In this example second field (code or reg) is used to specify reg.
But not always, with some codes it used as extentinal bit of code
bit field.
As it is in MUL/iMUL reg opcodes.



MUL 1111011w:11 [100] reg
IMUL 1111011w:11 [101] reg

Along with 1111011w 100 extention means MUL, 101 - IMUL.
Remeber that all my words would mean almost nothing to
you without practice:
Code in OllyDbg in hex several instructions of MUL/IMUL,reg
format.
Using as the first byte F7(bit w = 1) leads to treating reg field
as one from full registers set,F6(w=0) - from partial registers set.
Using values in second byte (E*) in last hex digit < 8 means
that last bit in code/reg field will be 0 and field itself = 100
that will create MUL instruction and last hex digit will be = regfield value.
using values >= 8 sets last bit in code/reg fild to 1 (101 in code/reg field)
and that will created iMUL instruction and value of last hex digit will be
value of regfield + 8.
Don't be afraid - it's difficalt to discribe by words but easy to see
in debugger, if you get dioriented - read this again, and try practice back
to OllyDbg.

After you feel comfortable with encoding MUL/iMUL,reg - try simular
instructions DIV/iDIV reg.
Their formats are:


DIV 1111011w:11 110 reg
iDIV 1111011w:11 111 reg


If you are carefull low level coder you've noted that they not only
almost identical to each other but aslo almost identical to MUL/iMUL.
It's thrue indeed.
Difference between the four opcodes formats only in cod\reg field.
This field specifys wich one of the four (MUL,iMUL,DIV,iDIV) operations
is used.


code/r instruction
100 MUL
101 iMUL
110 DIV
111 iDIV

It reffers not only to MUL,iMUL,DIV,iDIV reg
But also to MUL,iMUL,DIV,iDIV
Insert in OllyDbg:


MUL EBX
iMUL EBX
DIV EBX
iDIV EBX
MUL [EBX]
iMUL [EBX]
DIV [EBX]
iDIV [EBX]

Take the second byte of each opcode.
Convert it to bynary, separate bynary digits in format 2:3:3 (** *** ***)
and compare difference.
For example in such a format:


Second byte instruction
11 100 011 MUL EBX
11 101 011 iMUL EBX
... and so on.

Do it by your own hands.
It is much usefull than staring at my text ;)
Much better if you can write training program that formalize
this system with MUL,iMUL,DIV,iDIV.
Simular to what you could see in this thread, with refference
in first tab and training to decode\encode in 2 other tabs.
Might be it'd be fun for you and become first step in writing
your own assembler\debugger.
I wish you luck.
Posted on 2003-02-03 13:13:38 by The Svin
I took my self the liberty (I hope you don't mind Svin) of translating the macros to fasm syntax (I took me a while, since I RTFM, but now I've learned yet anothering to day :))
The macros are used just as the orignal ones.
macro bcr _code, _reg

{
db _code#_reg#b
}

macro modrm _mode, _reg, _rm
{
db _mode#_reg#_rm#b
}

macro bsib _scale, _index, _base
{
db _scale#_index#_base#b
}
Posted on 2003-02-04 11:49:09 by scientica
I hope you don't mind Svin

Of course, I don't :)

Fist of all for the future exersizes I'd recommend
use Hiew.

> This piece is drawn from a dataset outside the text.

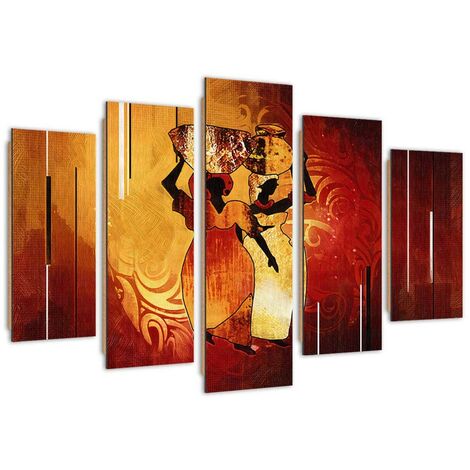 Quadro deco panel 5 parti, Calore africano - 150x100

You may of course use OllyDbg or any
other tool that has assembler\disassembler, but many
things involving hex coding with ability in a fly
to see "mnemonics results" is more comfortable to do
it hex editor such as "Hiew".
For those who read "Opcode" articals from the begining
and have premade "testopcode" app with nopes.
If you hardly working on opcode studing and often
need opcode test\reference, maybe you consider next
steps.
make cmd of bat with single line
\hiew.exe \testopcode.exe
Then make in some hidden place of you start button menu
link to the bat and assing short key for example ctrl+shift+h.
So any time when you have doubts about opcode and want make
so test to check them you could bring hiew with loaded nops app
by one keystrike.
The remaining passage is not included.